Rainer Nowak Kontakt
Private Kontaktinformationen sind nicht öffentlich. Journalistisch übliche Kontaktwege liefen stets über die Redaktion oder geschäftliche Kanäle – nicht über private Daten.
Einfluss auf den österreichischen Journalismus
Unabhängig von Kontroversen lässt sich sagen:
Rainer Nowak hat die Medienlandschaft Österreichs stärker beeinflusst als viele andere Journalisten seiner Generation.

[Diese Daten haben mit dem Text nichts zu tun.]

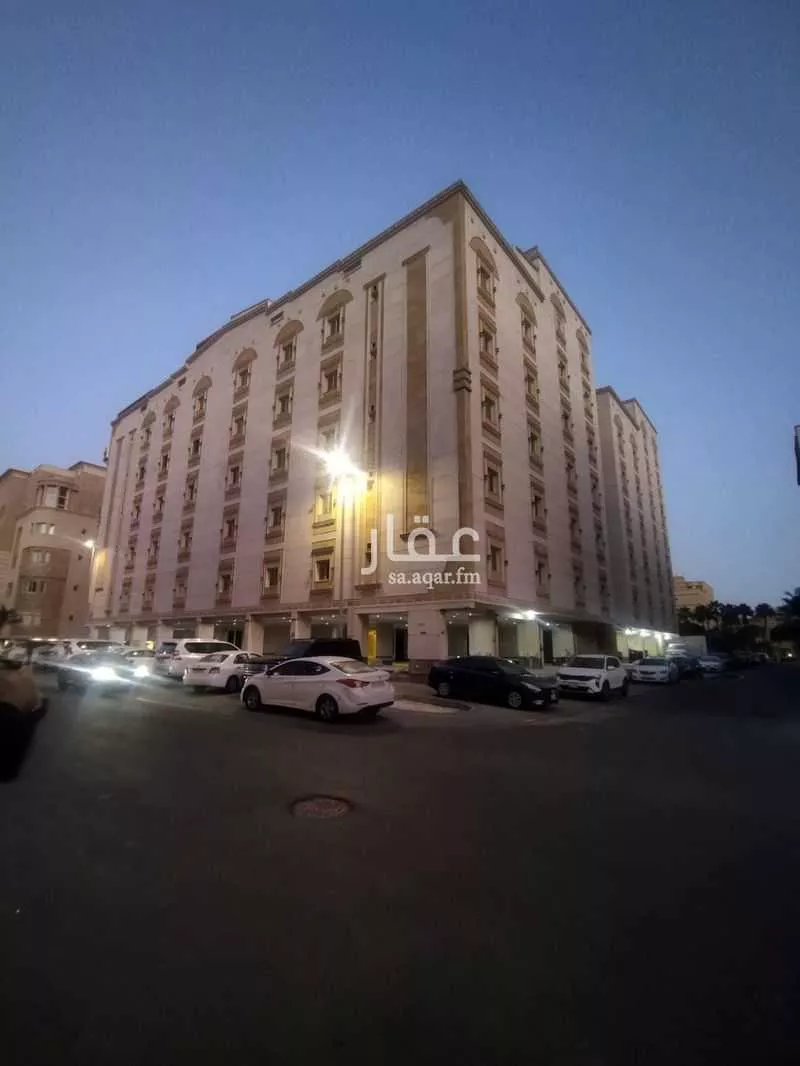 شقة 5 غرف في الرويس 4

Er gilt als Vertreter eines kommentierenden, politikorientierten Journalismus, der:
- präzise Analysen liefert,
- kontroverse Debatten anstößt,
- und sich nicht scheut, Position zu beziehen.
Unter seiner Führung wurde Die Presse sowohl kritisiert als auch gelobt – ein Zeichen dafür, dass starke publizistische Linien selten ohne Widerstand bleiben.
Schlussbetrachtung – Rainer Nowak im Gesamtbild
Rainer Nowak ist eine komplexe Persönlichkeit des österreichischen Medienwesens: erfolgreich, einflussreich, kontrovers. Seine Karriere erreichte große Höhen, sein Fall war öffentlichkeitswirksam, und sein Name bleibt untrennbar mit einer turbulenten Phase österreichischer Innenpolitik verbunden.
Die Debatte um journalistische Unabhängigkeit, politische Nähe und private Verflechtungen wurde durch seinen Fall neu angestoßen. Trotz der juristischen Entlastung bleibt die Frage nach der Rolle von Medienmacht ein zentrales Thema – und Nowak steht exemplarisch dafür.
Für Leserinnen und Leser von Nachrichten Themen bietet sein Werdegang ein eindrucksvolles Beispiel dafür, wie eng Politik, Medien und persönliche Beziehungen miteinander verwoben sein können.